Al marqués, como siempre, no le faltaba detalle. Saludó muy ceremoniosamente a las señoras y les preguntó si estaban cansadas. Pilarín se dio cuenta de que el marqués nunca se había dirigido antes a ella, nunca jamás la había saludado ni tratado con aquella consideración ni con ninguna otra, a pesar de que se conocían desde niños. Pero ahora, encima de la bicicleta, todo eran sonrisas.
−Permíteme que te felicite, Pilarín. Vas modernísima, Pilarín. Vas moderna hasta más no poder. Qué bien, qué alegría…
−¡Déjanos probar el tándem a Pilar y a mí! −dijo Rosser en ese momento.
−¡Sí, sí, ahora mismo! ¡Fermín, para este trasto!

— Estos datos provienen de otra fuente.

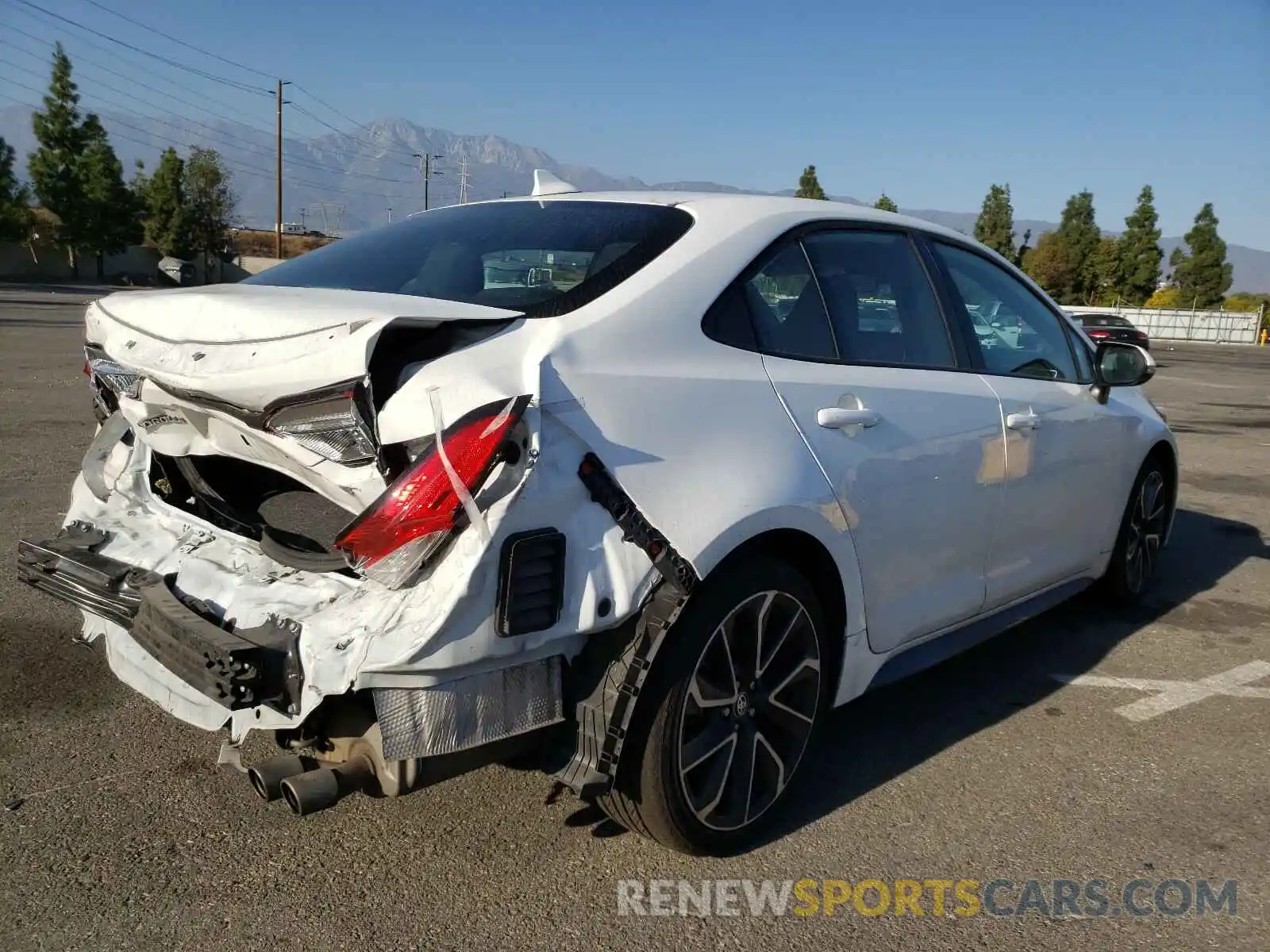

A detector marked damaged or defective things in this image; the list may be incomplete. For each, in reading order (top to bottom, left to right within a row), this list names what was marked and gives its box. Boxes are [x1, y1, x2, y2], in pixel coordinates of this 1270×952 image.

shattered tail light lens [260, 386, 373, 464]
shattered tail light lens [335, 396, 528, 589]
broken red tail light [333, 396, 530, 589]
bent bumper reinforcement bar [17, 523, 305, 716]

Todos detuvieron con prudencia los vehículos y los apoyaron en un talud de arcilla que había junto a la cuneta. Rosser se sentó en el sillín delantero del tándem y apoyó el pie en el suelo para sujetar inclinada la bicicleta mientras se subía Pilarín.
Y entonces Rosser dijo “¿estás preparada?”, y Pilarín dijo sí, y arrancaron el tándem y pronto habían alcanzado una velocidad muy superior a la que llevaban desde que salieron. Rosser se levantaba del sillín para empujar con sus piernas fibrosas el aparato y Pilarín era todo pundonor pedaleando lo más fuerte que podía. Rosser se sentaba en el sillín y se agachaba sobre el manillar y su perfil de líneas afiladas no cortaba el viento sino que volaba, y Pilarín se sujetaba la gorra con una mano pero volvía a ponerla en su sitio y se reía como una loca y no paraba de pedalear. Y llegaron a un repecho, a un pequeño desnivel de apenas unos metros, pero el cansancio había hecho mella en Rosser y aquel armatoste cuesta arriba pesaba un quintal, y entonces Pilarín le dio todo lo más fuerte que pudo a los pedales y la propia inercia de su empuje la llevó a levantarse del sillín, y en ese momento se vio a sí misma y dijo “¡mira, Rosser, me levanto del sillín!”, y Rosser entonces apretó los dientes con renovados bríos y coronaron el repecho sin ninguna dificultad. Joaquinito Torán, que fue alcanzado y rebasado por las damas velocípedas, soltó las manos del manillar y se puso a aplaudir. Casi se cae.